→ What to produce
The expected answer is the complete listing, reproduced character for character.

→ Material to process
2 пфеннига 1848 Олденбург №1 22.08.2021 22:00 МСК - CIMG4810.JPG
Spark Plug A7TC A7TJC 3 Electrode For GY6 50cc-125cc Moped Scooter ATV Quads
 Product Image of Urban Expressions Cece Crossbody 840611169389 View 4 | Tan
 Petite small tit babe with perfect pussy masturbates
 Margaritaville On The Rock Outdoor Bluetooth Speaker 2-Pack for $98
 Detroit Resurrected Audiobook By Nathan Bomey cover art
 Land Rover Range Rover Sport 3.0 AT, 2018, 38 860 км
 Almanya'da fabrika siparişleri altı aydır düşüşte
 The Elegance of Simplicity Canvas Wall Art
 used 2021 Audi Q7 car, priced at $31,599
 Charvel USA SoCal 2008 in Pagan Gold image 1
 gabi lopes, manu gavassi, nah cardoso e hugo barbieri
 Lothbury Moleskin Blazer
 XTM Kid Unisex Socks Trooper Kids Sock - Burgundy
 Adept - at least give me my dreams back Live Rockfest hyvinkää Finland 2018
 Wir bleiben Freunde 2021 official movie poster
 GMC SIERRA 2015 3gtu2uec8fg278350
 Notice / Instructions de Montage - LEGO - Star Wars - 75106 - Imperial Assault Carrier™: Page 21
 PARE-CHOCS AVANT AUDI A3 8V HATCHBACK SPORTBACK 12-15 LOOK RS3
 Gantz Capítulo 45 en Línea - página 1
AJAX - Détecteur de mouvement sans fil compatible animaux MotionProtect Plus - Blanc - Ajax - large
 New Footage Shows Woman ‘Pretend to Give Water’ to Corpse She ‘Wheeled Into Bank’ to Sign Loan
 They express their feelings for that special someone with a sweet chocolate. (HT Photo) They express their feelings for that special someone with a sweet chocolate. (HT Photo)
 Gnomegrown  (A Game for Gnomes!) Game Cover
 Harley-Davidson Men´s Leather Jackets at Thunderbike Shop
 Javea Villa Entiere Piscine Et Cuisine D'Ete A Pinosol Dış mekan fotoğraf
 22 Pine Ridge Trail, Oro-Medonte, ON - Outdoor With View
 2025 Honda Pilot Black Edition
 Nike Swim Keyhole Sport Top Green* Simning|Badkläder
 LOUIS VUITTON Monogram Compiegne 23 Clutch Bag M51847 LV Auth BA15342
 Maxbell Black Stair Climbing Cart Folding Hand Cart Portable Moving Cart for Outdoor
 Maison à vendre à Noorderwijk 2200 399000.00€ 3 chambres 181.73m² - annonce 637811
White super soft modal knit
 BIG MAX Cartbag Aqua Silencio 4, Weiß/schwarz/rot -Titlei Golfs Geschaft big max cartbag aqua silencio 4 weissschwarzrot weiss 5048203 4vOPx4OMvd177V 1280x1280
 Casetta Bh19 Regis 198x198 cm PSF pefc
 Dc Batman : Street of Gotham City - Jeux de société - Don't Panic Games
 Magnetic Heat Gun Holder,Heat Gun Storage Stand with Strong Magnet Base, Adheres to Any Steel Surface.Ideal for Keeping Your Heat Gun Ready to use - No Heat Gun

→ Result
2 пфеннига 1848 Олденбург №1 22.08.2021 22:00 МСК - CIMG4810.JPG
Spark Plug A7TC A7TJC 3 Electrode For GY6 50cc-125cc Moped Scooter ATV Quads
 Product Image of Urban Expressions Cece Crossbody 840611169389 View 4 | Tan
 Petite small tit babe with perfect pussy masturbates
 Margaritaville On The Rock Outdoor Bluetooth Speaker 2-Pack for $98
 Detroit Resurrected Audiobook By Nathan Bomey cover art
 Land Rover Range Rover Sport 3.0 AT, 2018, 38 860 км
 Almanya'da fabrika siparişleri altı aydır düşüşte
 The Elegance of Simplicity Canvas Wall Art
 used 2021 Audi Q7 car, priced at $31,599
 Charvel USA SoCal 2008 in Pagan Gold image 1
 gabi lopes, manu gavassi, nah cardoso e hugo barbieri
 Lothbury Moleskin Blazer
 XTM Kid Unisex Socks Trooper Kids Sock - Burgundy
 Adept - at least give me my dreams back Live Rockfest hyvinkää Finland 2018
 Wir bleiben Freunde 2021 official movie poster
 GMC SIERRA 2015 3gtu2uec8fg278350
 Notice / Instructions de Montage - LEGO - Star Wars - 75106 - Imperial Assault Carrier™: Page 21
 PARE-CHOCS AVANT AUDI A3 8V HATCHBACK SPORTBACK 12-15 LOOK RS3
 Gantz Capítulo 45 en Línea - página 1
AJAX - Détecteur de mouvement sans fil compatible animaux MotionProtect Plus - Blanc - Ajax - large
 New Footage Shows Woman ‘Pretend to Give Water’ to Corpse She ‘Wheeled Into Bank’ to Sign Loan
 They express their feelings for that special someone with a sweet chocolate. (HT Photo) They express their feelings for that special someone with a sweet chocolate. (HT Photo)
 Gnomegrown  (A Game for Gnomes!) Game Cover
 Harley-Davidson Men´s Leather Jackets at Thunderbike Shop
 Javea Villa Entiere Piscine Et Cuisine D'Ete A Pinosol Dış mekan fotoğraf
 22 Pine Ridge Trail, Oro-Medonte, ON - Outdoor With View
 2025 Honda Pilot Black Edition
 Nike Swim Keyhole Sport Top Green* Simning|Badkläder
 LOUIS VUITTON Monogram Compiegne 23 Clutch Bag M51847 LV Auth BA15342
 Maxbell Black Stair Climbing Cart Folding Hand Cart Portable Moving Cart for Outdoor
 Maison à vendre à Noorderwijk 2200 399000.00€ 3 chambres 181.73m² - annonce 637811
White super soft modal knit
 BIG MAX Cartbag Aqua Silencio 4, Weiß/schwarz/rot -Titlei Golfs Geschaft big max cartbag aqua silencio 4 weissschwarzrot weiss 5048203 4vOPx4OMvd177V 1280x1280
 Casetta Bh19 Regis 198x198 cm PSF pefc
 Dc Batman : Street of Gotham City - Jeux de société - Don't Panic Games
 Magnetic Heat Gun Holder,Heat Gun Storage Stand with Strong Magnet Base, Adheres to Any Steel Surface.Ideal for Keeping Your Heat Gun Ready to use - No Heat Gun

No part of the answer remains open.